Attorney General Charles M. Condon, Chief Deputy Attorney General John W. McIntosh, both of Columbia; and Solicitor Randolph Murdaugh, III, of Hampton, for respondent.
SHULER, J.: Larry Green appeals his conviction and sentence for third degree criminal sexual conduct (CSC), arguing the trial court lacked subject matter jurisdiction to convict him of the offense. We agree and vacate Green's conviction. (1)
On October 21, 1996, a Hampton County grand jury indicted Larry Green on one count of first degree CSC with a minor in violation of S.C. Code Ann. § 16-3-655(1) (1985). Following a mistrial, Green was retried in June 1998. Over Green's objection, the trial court submitted several allegedly lesser included offenses for the jury's consideration. The jury subsequently convicted Green of CSC in the third degree and the court sentenced him to ten years imprisonment, suspended upon the service of eight years and five years probation. This appeal followed.

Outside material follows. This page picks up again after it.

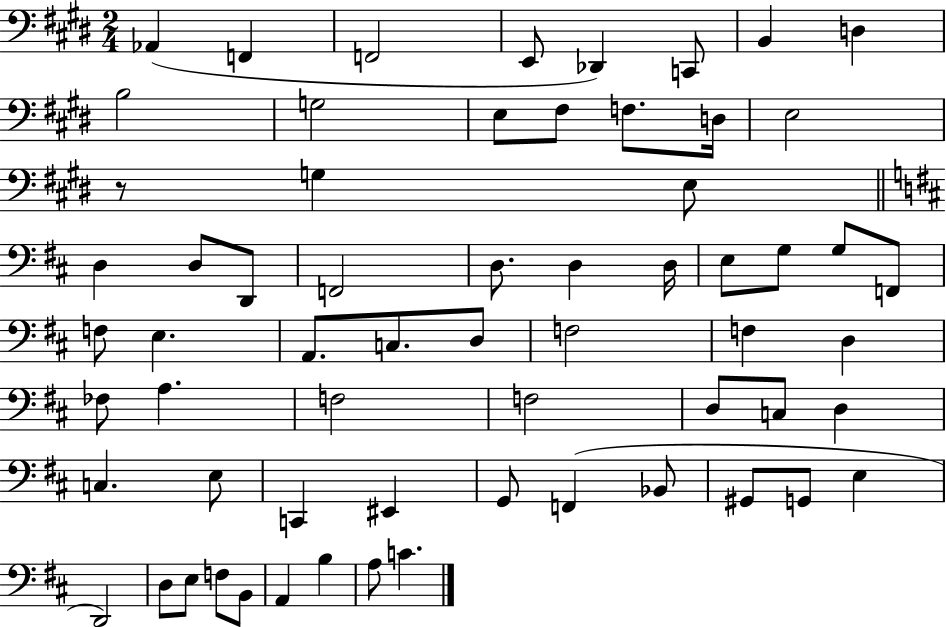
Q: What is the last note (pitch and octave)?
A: C4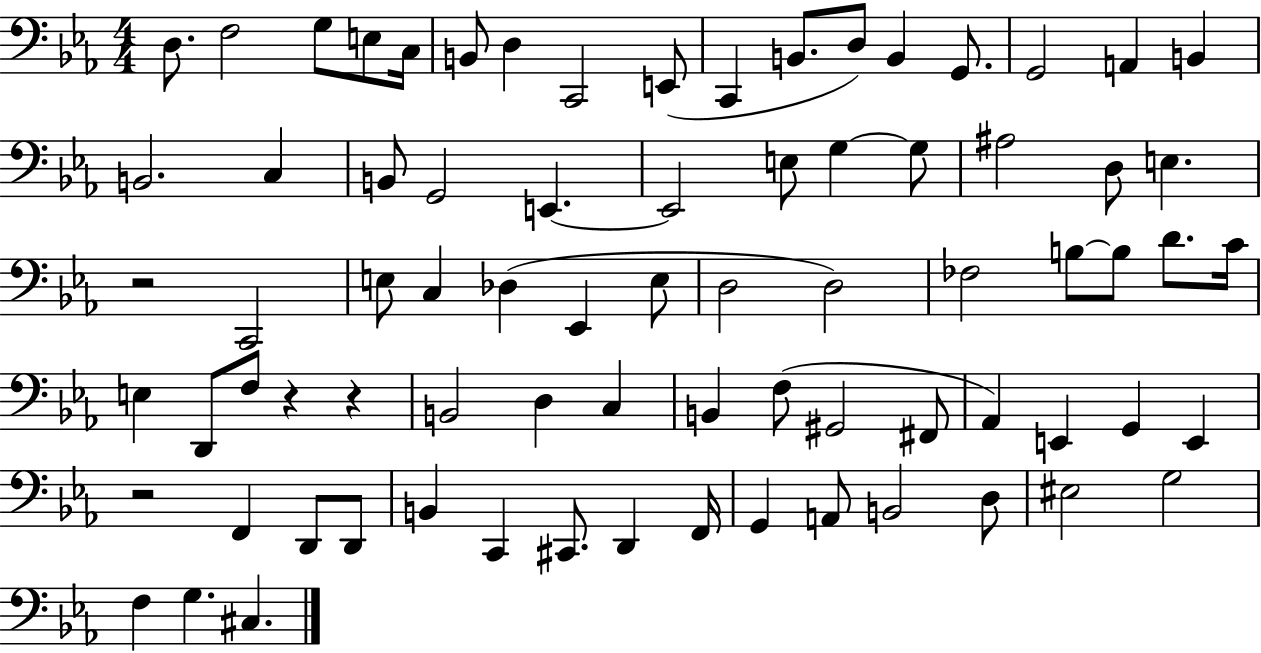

Green first argues the trial court lacked subject matter jurisdiction to convict him of third degree CSC because it is not a lesser included offense of first degree CSC with a minor, the crime for which he was indicted. We agree. (2)
Without question, "[a] defendant cannot be convicted of a crime for which he is not indicted if it is not a lesser included offense to that charged in the indictment." State v. Roof, 298 S.C. 351, 354, 380 S.E.2d 828, 830 (1989); State v. Elliott, 335 S.C. 512, 513, 517 S.E.2d 713, 714 (Ct. App. 1999) ("[The] circuit court does not have subject matter jurisdiction to convict a defendant 'unless there has been an indictment, a waiver of indictment, or unless the charge is a lesser included offense of the crime charged in the indictment."') (quoting Murdock v. State, 308 S.C. 143, 144, 417 S.E.2d 543, 544 (1992)). The test for determining whether an offense is a lesser included of that charged in the indictment is "whether the greater of the two offenses includes all the elements of the lesser offense." Carter v. State, 329 S.C. 355, 363, 495 S.E.2d 773, 777 (1998). Thus, "[i]f the lesser offense includes an element not included in the greater offense, then the lesser offense is not included in the greater." Hope v. State, 328 S.C. 78, 81, 492 S.E.2d 76, 78 (1997) (quoting State v. Bland, 318 S.C. 315, 317, 457 S.E.2d 611, 612 (1995)).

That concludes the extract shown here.